*Task description*. From start to end, write out the following data exactly, apart from its images.

*Provided material*.
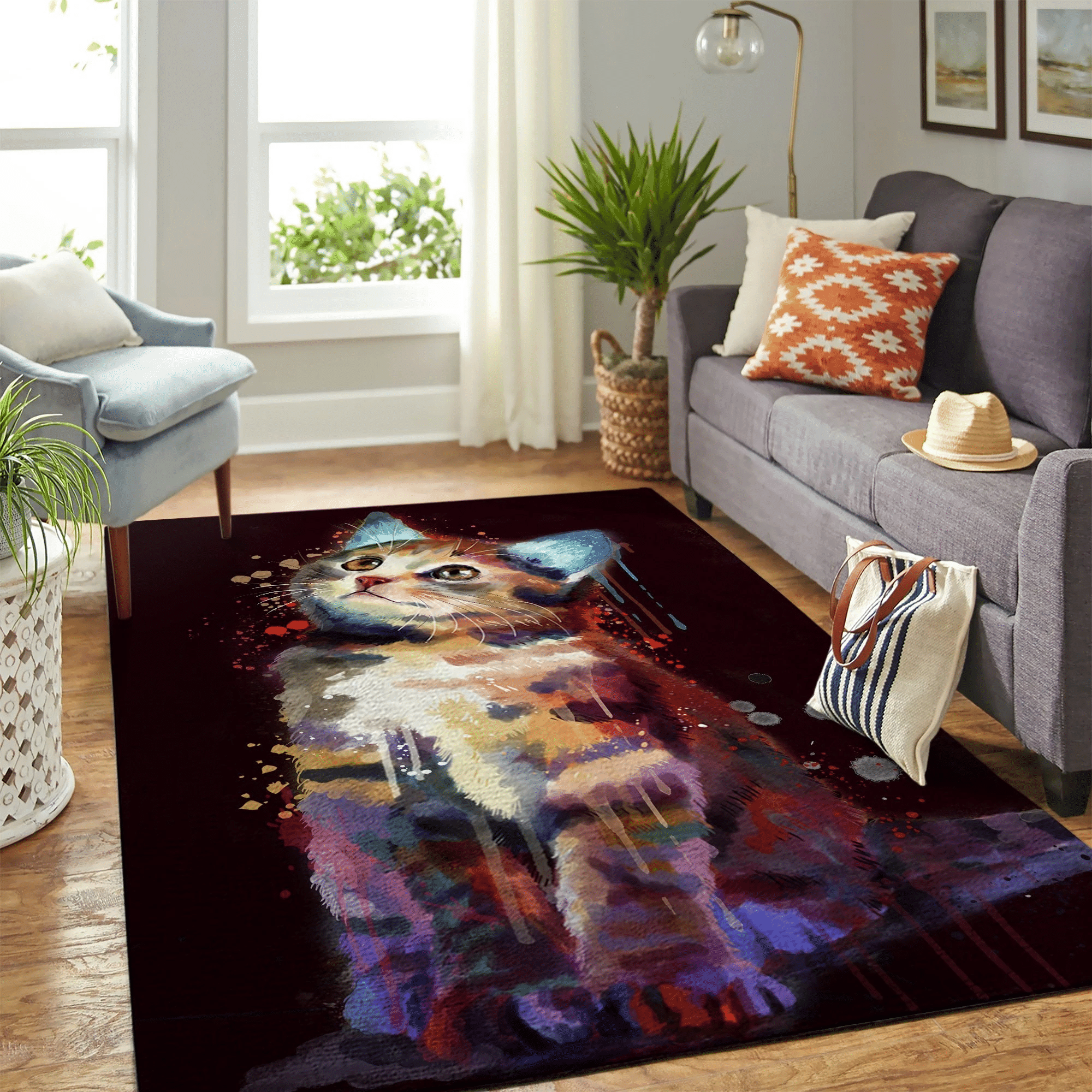 Cat Kitty Carpet Rug Chrismas Gift - Indoor Outdoor Rugs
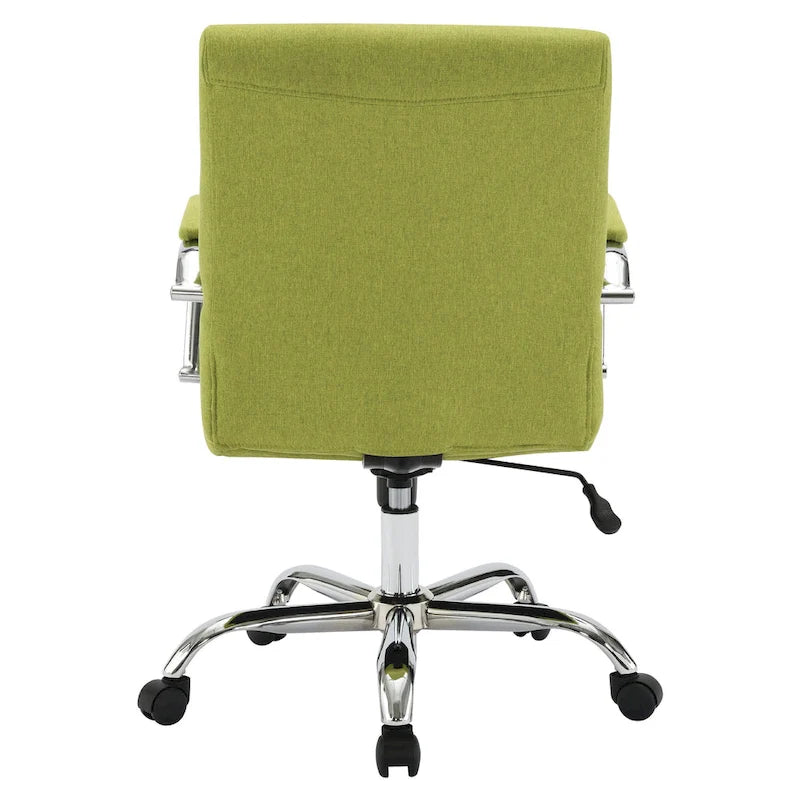 Mid-Back Tufted Fabric Office Chair with Chrome Base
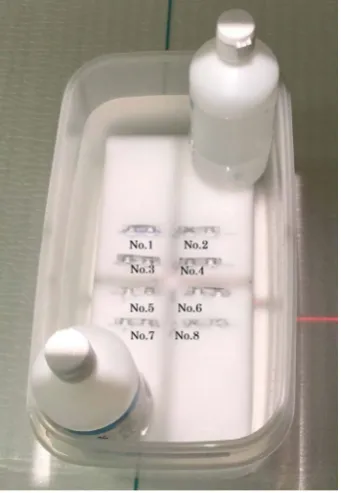 Figure 2. Abdominal soft tissue phantom with PTP sheets (No. 1 - No. 8). Above and below bottles containing water are the weights not to float melamine foam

*Response below*.
 Cat Kitty Carpet Rug Chrismas Gift - Indoor Outdoor Rugs
 Mid-Back Tufted Fabric Office Chair with Chrome Base
 Figure 2. Abdominal soft tissue phantom with PTP sheets (No. 1 - No. 8). Above and below bottles containing water are the weights not to float melamine foam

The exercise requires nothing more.